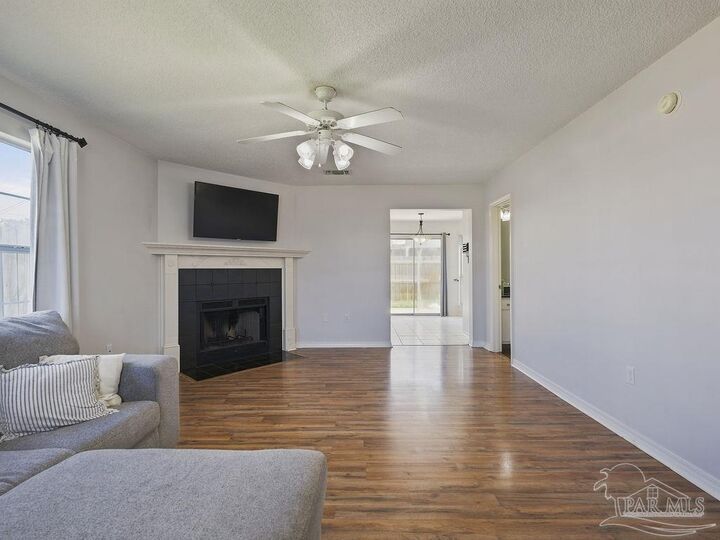 Property Photo: 446 Sandy Ridge Cir FL 32569
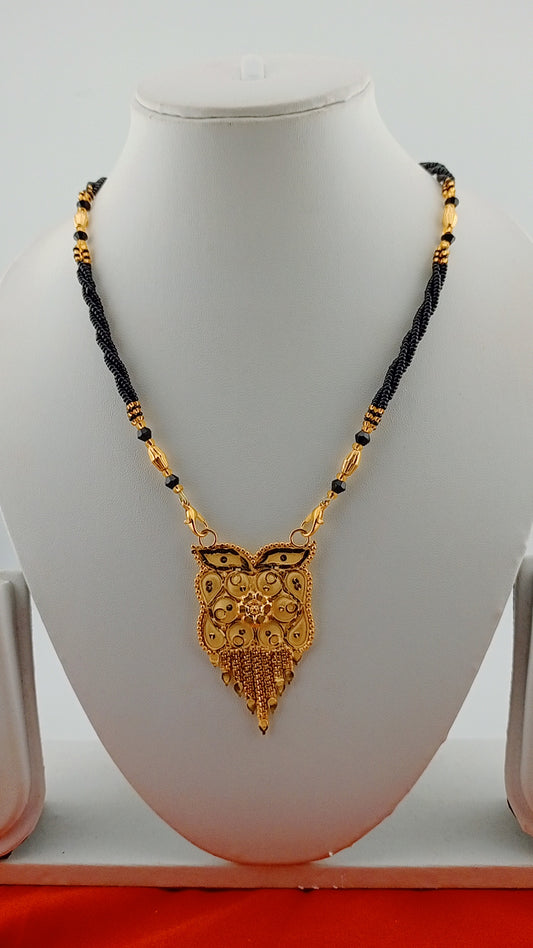 Small mangalsutra
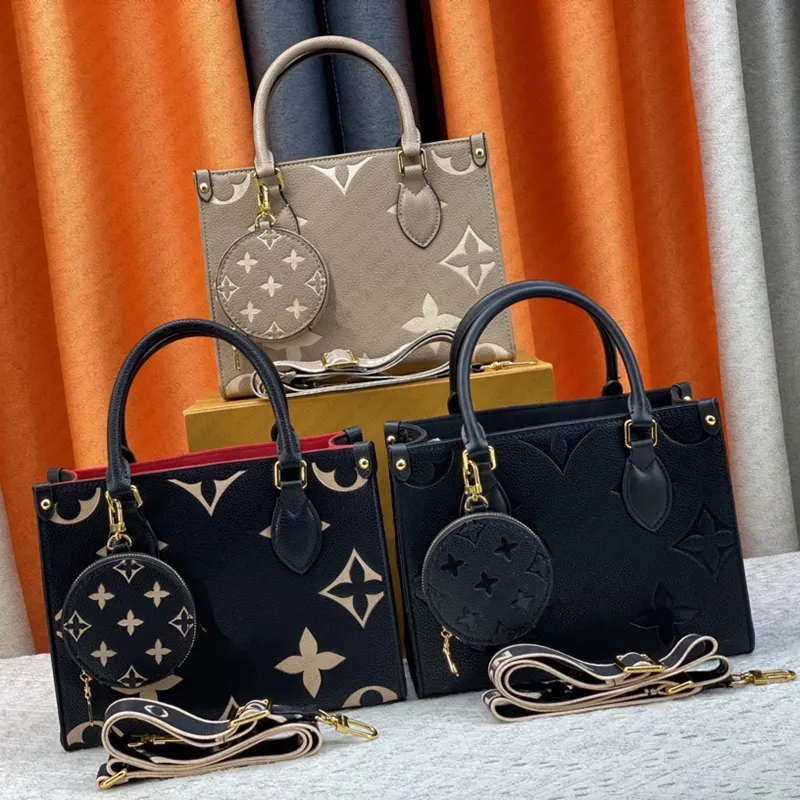Designer kvinnor totes högkvalitativa kvinnor handväskor små shoppingväskor präglade blomma på tygpåsar handväskor axelpåsar tvärsäckar kopplingspåsar med myntväska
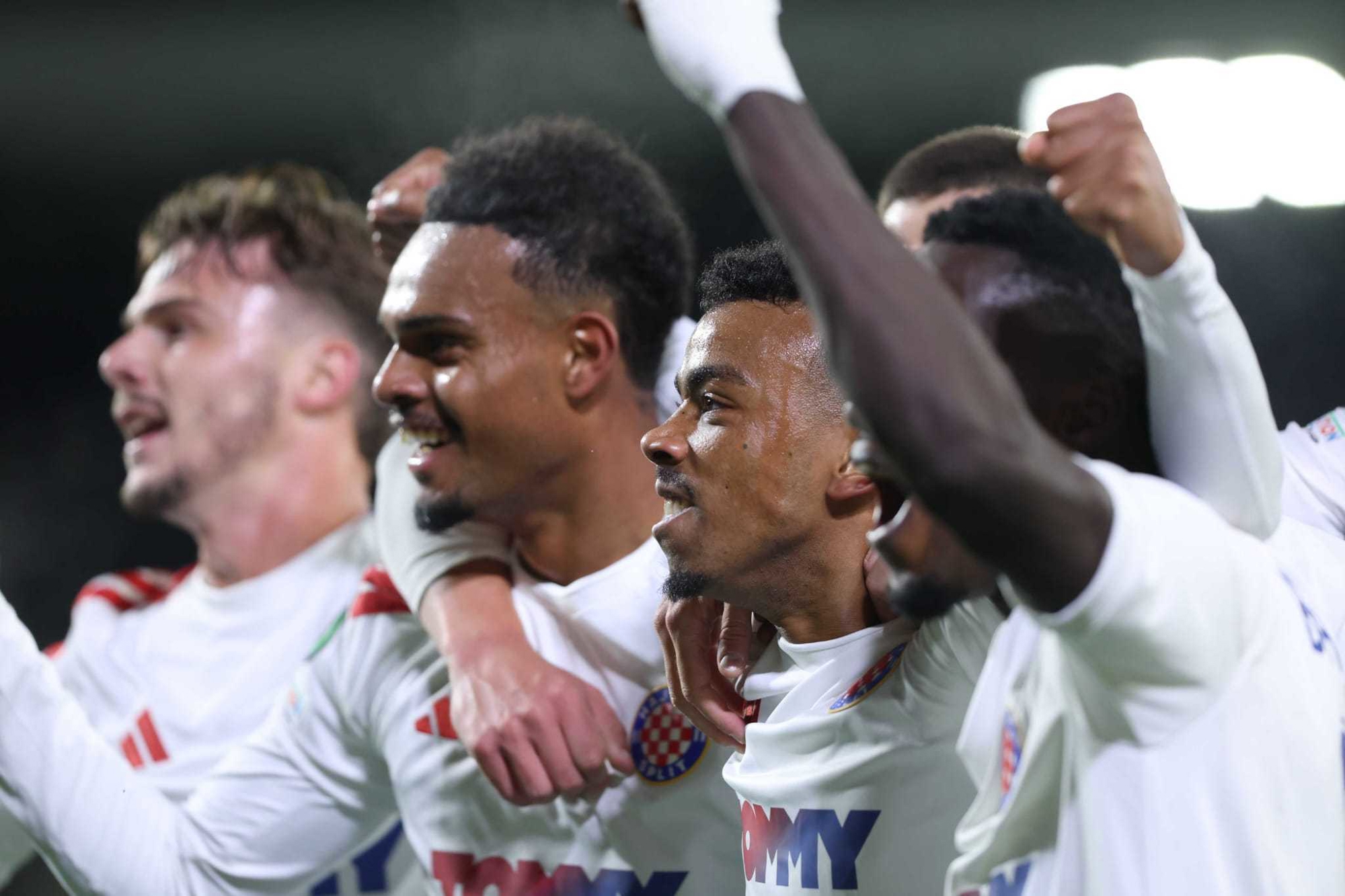 UŽIVO Moćni Hajduk vodi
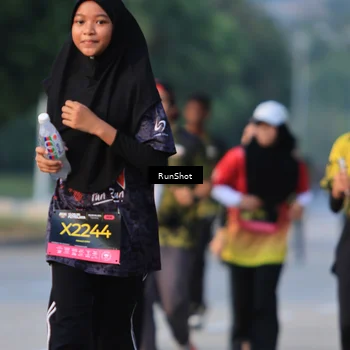 Runner Photo 6993486
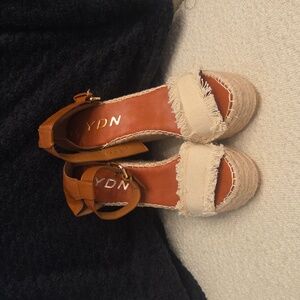 NEW YDN Clemens Espadrille Wedge Sandals Tan Cream Size 8.5 Platform Summer Shoe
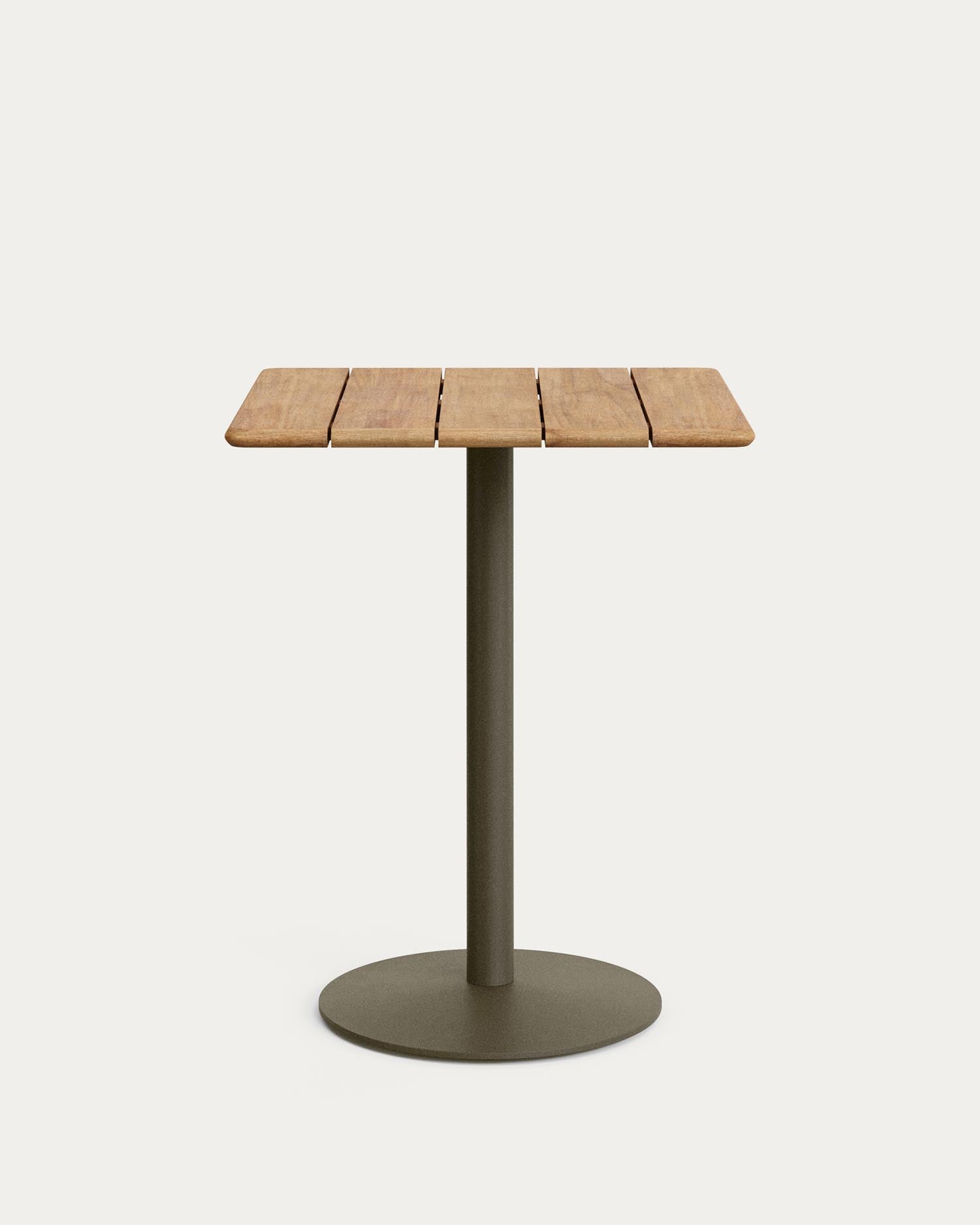 Hoher Outdoor-Tisch Esilda mit Tischplatte aus Akazienholz FSC 100 % 80 x 80 cm und grünem Stahlfuß Ø 55 x 96 cm in Khaki präsentiert im Onlineshop von KAQTU Design AG. Hochtisch Outdoor ist von Kave Home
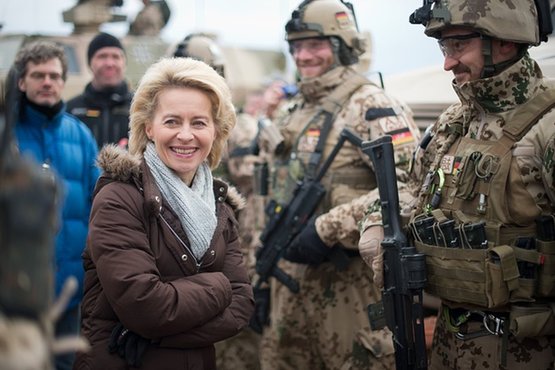 德国新任国防部长冯德莱恩(Ursula von der Leyen)慰问驻阿富汗部队。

------------

Work instruction: Would you output each entry exactly and leave the pictures behind?

Exercise response:
 Property Photo: 446 Sandy Ridge Cir FL 32569
 Small mangalsutra
Designer kvinnor totes högkvalitativa kvinnor handväskor små shoppingväskor präglade blomma på tygpåsar handväskor axelpåsar tvärsäckar kopplingspåsar med myntväska
 UŽIVO Moćni Hajduk vodi
 Runner Photo 6993486
 NEW YDN Clemens Espadrille Wedge Sandals Tan Cream Size 8.5 Platform Summer Shoe
 Hoher Outdoor-Tisch Esilda mit Tischplatte aus Akazienholz FSC 100 % 80 x 80 cm und grünem Stahlfuß Ø 55 x 96 cm in Khaki präsentiert im Onlineshop von KAQTU Design AG. Hochtisch Outdoor ist von Kave Home
 德国新任国防部长冯德莱恩(Ursula von der Leyen)慰问驻阿富汗部队。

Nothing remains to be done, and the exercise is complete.